→ To do
The required answer is the run of lines from the one holding "Collection Bedroom, Bed" to the end of the data below, copied exactly and free of pictures.

→ Source data
==================================================

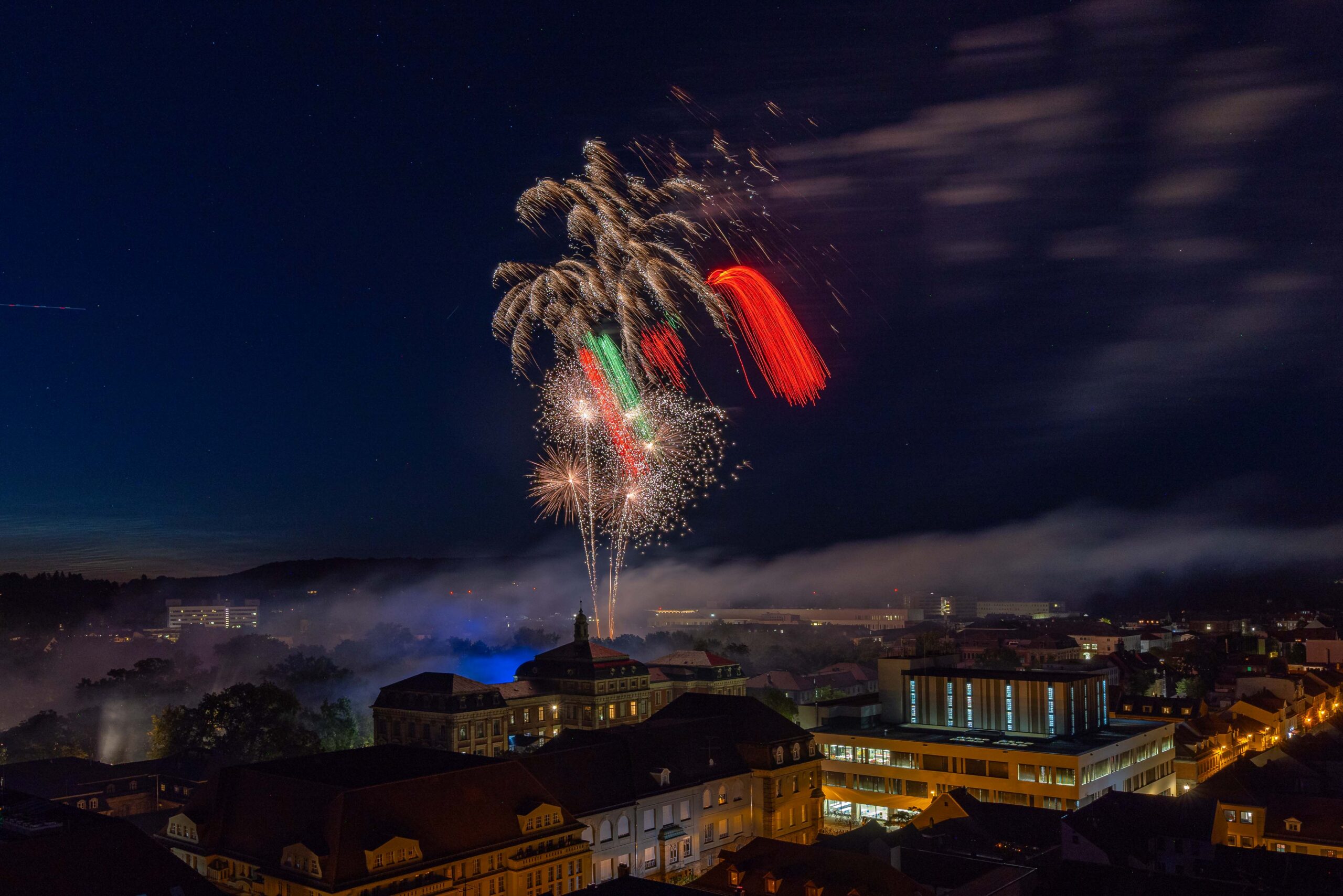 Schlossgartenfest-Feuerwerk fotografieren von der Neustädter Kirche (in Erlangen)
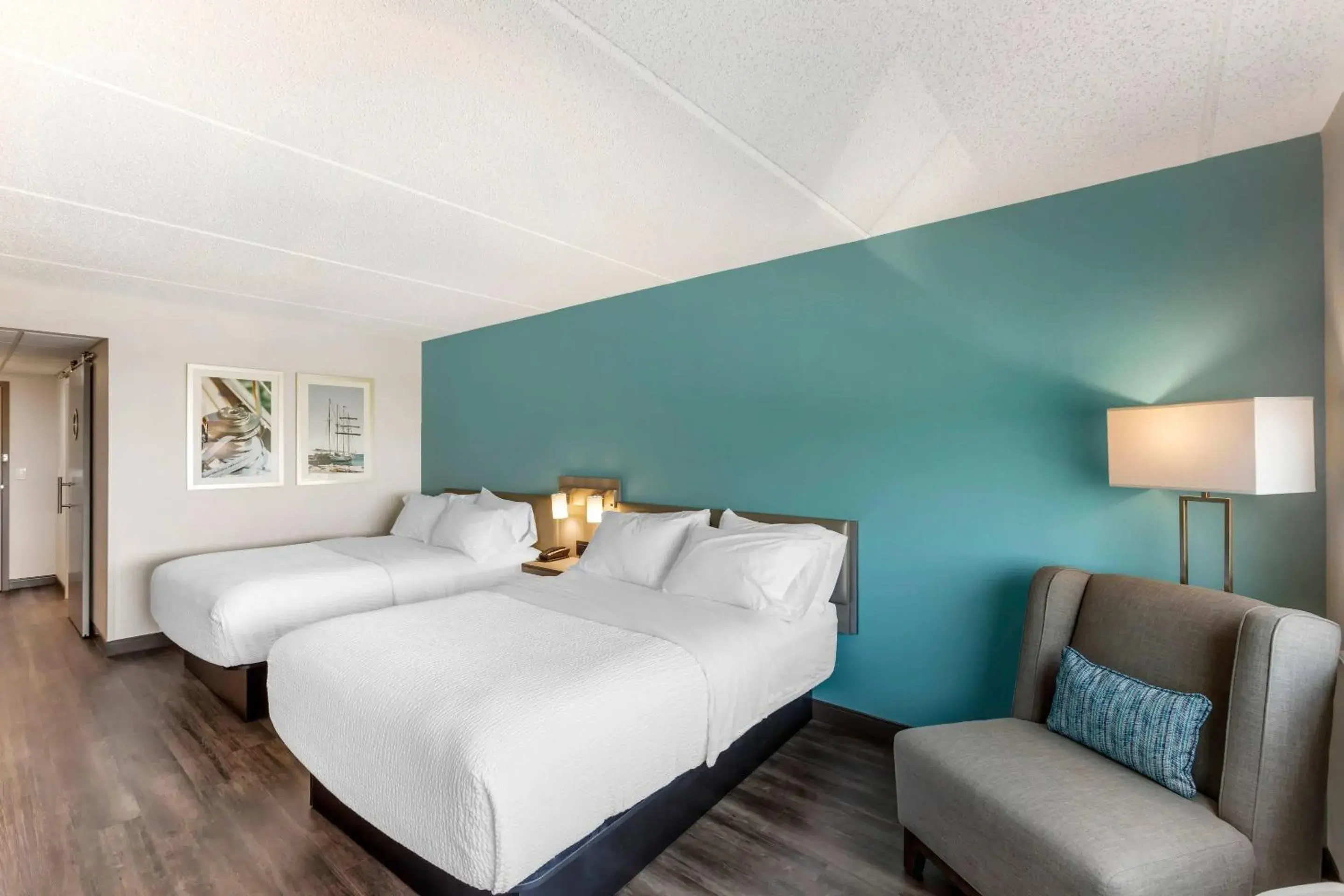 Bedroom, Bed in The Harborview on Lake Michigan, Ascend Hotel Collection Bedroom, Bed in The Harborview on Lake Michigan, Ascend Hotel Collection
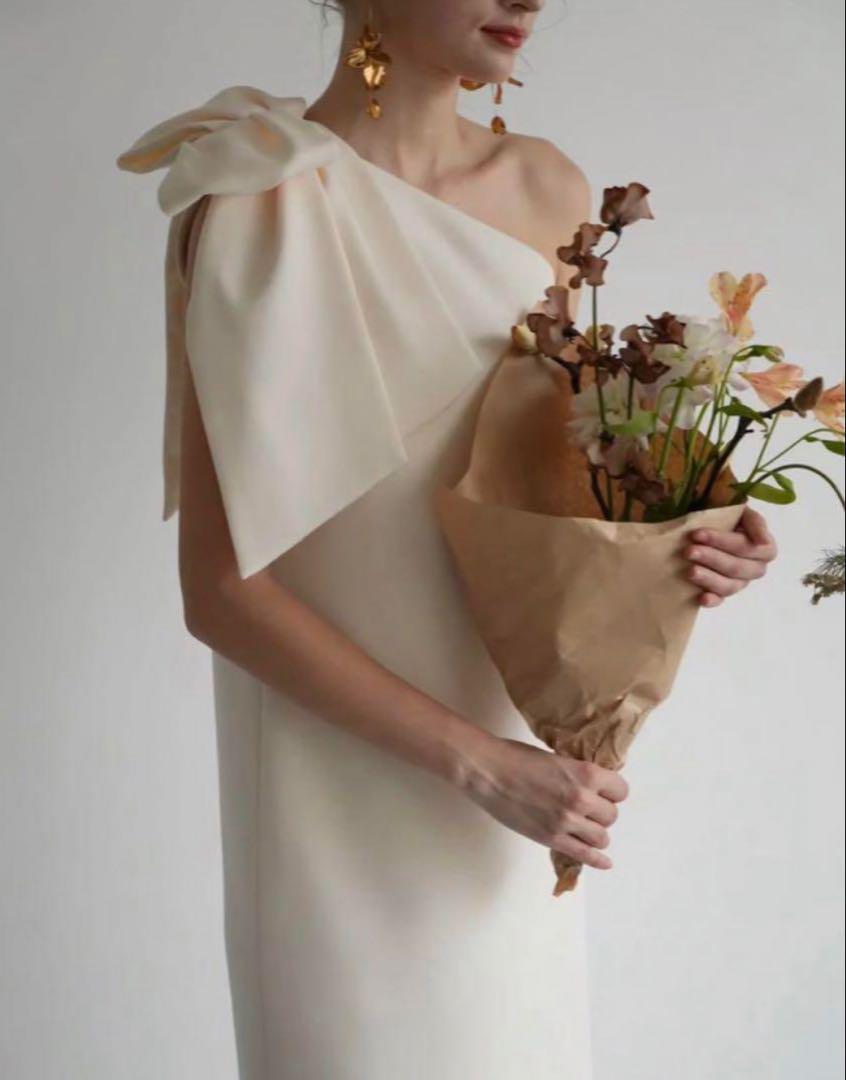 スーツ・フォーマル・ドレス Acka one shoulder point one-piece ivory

==================================================

→ Exercise response
 Bedroom, Bed in The Harborview on Lake Michigan, Ascend Hotel Collection Bedroom, Bed in The Harborview on Lake Michigan, Ascend Hotel Collection
 スーツ・フォーマル・ドレス Acka one shoulder point one-piece ivory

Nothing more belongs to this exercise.